(DATASET Opens)

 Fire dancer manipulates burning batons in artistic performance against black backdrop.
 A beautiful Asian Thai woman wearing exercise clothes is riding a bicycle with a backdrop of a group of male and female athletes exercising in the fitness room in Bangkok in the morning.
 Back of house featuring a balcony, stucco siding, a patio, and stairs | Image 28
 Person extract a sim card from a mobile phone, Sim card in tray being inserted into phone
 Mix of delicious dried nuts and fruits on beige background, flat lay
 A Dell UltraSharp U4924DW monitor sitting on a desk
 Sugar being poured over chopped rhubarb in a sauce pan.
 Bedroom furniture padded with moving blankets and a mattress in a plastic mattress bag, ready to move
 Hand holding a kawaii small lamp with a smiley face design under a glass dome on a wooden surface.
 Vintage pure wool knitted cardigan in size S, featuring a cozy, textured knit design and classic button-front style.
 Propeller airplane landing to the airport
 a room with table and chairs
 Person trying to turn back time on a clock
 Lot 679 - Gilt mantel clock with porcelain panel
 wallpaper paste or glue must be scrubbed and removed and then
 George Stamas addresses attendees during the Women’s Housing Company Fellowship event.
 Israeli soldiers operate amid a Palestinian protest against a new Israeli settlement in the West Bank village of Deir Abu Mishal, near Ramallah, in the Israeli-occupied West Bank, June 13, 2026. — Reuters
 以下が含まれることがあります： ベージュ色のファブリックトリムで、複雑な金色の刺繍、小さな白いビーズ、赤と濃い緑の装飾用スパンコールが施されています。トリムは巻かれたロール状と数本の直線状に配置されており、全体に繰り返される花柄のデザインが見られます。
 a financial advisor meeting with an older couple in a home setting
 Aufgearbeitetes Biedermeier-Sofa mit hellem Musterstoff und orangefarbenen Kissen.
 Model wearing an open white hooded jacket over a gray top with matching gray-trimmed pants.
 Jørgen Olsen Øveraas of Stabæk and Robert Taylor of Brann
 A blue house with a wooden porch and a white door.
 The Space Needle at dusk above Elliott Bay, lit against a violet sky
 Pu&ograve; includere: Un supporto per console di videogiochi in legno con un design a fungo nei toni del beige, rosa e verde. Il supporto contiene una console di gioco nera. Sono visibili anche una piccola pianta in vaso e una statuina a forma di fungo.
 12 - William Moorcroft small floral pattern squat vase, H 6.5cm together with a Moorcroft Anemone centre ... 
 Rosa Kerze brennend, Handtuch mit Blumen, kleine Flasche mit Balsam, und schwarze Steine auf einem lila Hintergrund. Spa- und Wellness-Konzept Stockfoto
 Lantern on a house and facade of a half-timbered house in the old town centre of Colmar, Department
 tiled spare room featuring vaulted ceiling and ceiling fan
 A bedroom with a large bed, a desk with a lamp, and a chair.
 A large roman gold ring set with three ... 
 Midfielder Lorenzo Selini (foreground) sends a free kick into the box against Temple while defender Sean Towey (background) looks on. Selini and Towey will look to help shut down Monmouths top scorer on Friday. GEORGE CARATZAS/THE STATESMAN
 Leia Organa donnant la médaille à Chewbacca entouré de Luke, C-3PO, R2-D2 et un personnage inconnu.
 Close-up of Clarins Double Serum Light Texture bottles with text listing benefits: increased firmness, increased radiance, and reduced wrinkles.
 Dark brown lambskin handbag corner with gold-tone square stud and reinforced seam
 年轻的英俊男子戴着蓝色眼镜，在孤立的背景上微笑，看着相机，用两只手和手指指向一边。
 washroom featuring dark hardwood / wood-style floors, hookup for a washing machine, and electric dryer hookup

(DATASET Closes)

- [WHAT TO WORK ON]: In the data above, start at the line that has "a room with table and chairs", stop after the line that has "The Space Needle", and print every line in between exactly as it stands.

- [REPLY]:
 a room with table and chairs
 Person trying to turn back time on a clock
 Lot 679 - Gilt mantel clock with porcelain panel
 wallpaper paste or glue must be scrubbed and removed and then
 George Stamas addresses attendees during the Women’s Housing Company Fellowship event.
 Israeli soldiers operate amid a Palestinian protest against a new Israeli settlement in the West Bank village of Deir Abu Mishal, near Ramallah, in the Israeli-occupied West Bank, June 13, 2026. — Reuters
 以下が含まれることがあります： ベージュ色のファブリックトリムで、複雑な金色の刺繍、小さな白いビーズ、赤と濃い緑の装飾用スパンコールが施されています。トリムは巻かれたロール状と数本の直線状に配置されており、全体に繰り返される花柄のデザインが見られます。
 a financial advisor meeting with an older couple in a home setting
 Aufgearbeitetes Biedermeier-Sofa mit hellem Musterstoff und orangefarbenen Kissen.
 Model wearing an open white hooded jacket over a gray top with matching gray-trimmed pants.
 Jørgen Olsen Øveraas of Stabæk and Robert Taylor of Brann
 A blue house with a wooden porch and a white door.
 The Space Needle at dusk above Elliott Bay, lit against a violet sky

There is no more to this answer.